Why the war? Sometimes it’s necessary. We know that. But mostly it seems to be the by-product of men who are jealous, who hate, who are greedy, who are insane, who enjoy it, who have nothing else that excites them.
The weapons industry is like the little hummingbird in the big media world. It flits in and out of view so quickly that we scarcely notice a thing. 
Nary a word seeps out about the financial ties, the profits, the dark side of this industry. America provides nearly half of the world’s armaments.
What if the major media took just one week and spent as much time profiling the arms industry as they do the wars in the Middle East?
War is profitable.
I’m sick of the endless warfare. Most people are. The revolutions in Egypt and elsewhere are exciting and inspiring. Things happen slowly.
But mostly we humans stay very much the same as we have always been.
I was once waiting in my mother’s car while she ran something into my grandma’s house. I pushed in the cigarette lighter. When it popped out I just had to see how hot that red coil was. I was maybe seven or eight years old.
I touched it and of course the skin at the tip of my index finger sizzled and burned. Eventually it turned brown-black-gray. My mom came back to the car and I pretended as it nothing had happened.
We humans have finally reached the point where we are altering the climate of this gorgeous and amazing planet.
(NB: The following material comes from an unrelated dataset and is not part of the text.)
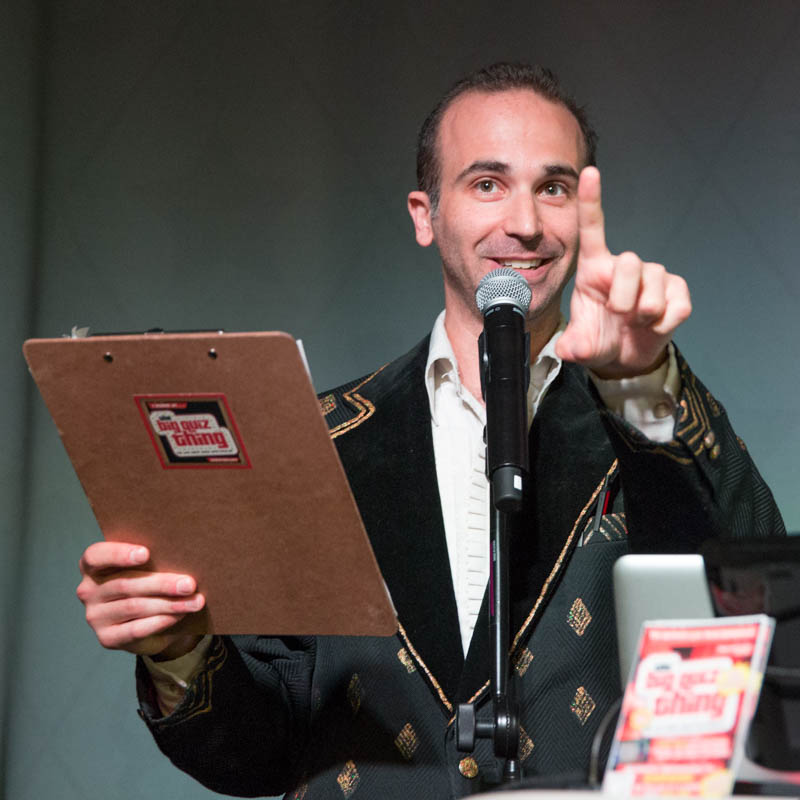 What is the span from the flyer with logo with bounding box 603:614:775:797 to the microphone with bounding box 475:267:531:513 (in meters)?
0.33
And yet many selfish dimwits continue to fight for the right to do further damage. I, too, was a dimwit when I inserted my finger in the lighter.
The winds have been strong - over forty miles per hour yesterday. And today the darkness and lightning and thunder and rain showers have descended. 
The world looks greener than ever and the water and the swishing sounds and the birds and the Earth still breathe and move and grow.
I smile and give thanks to another Spring rain.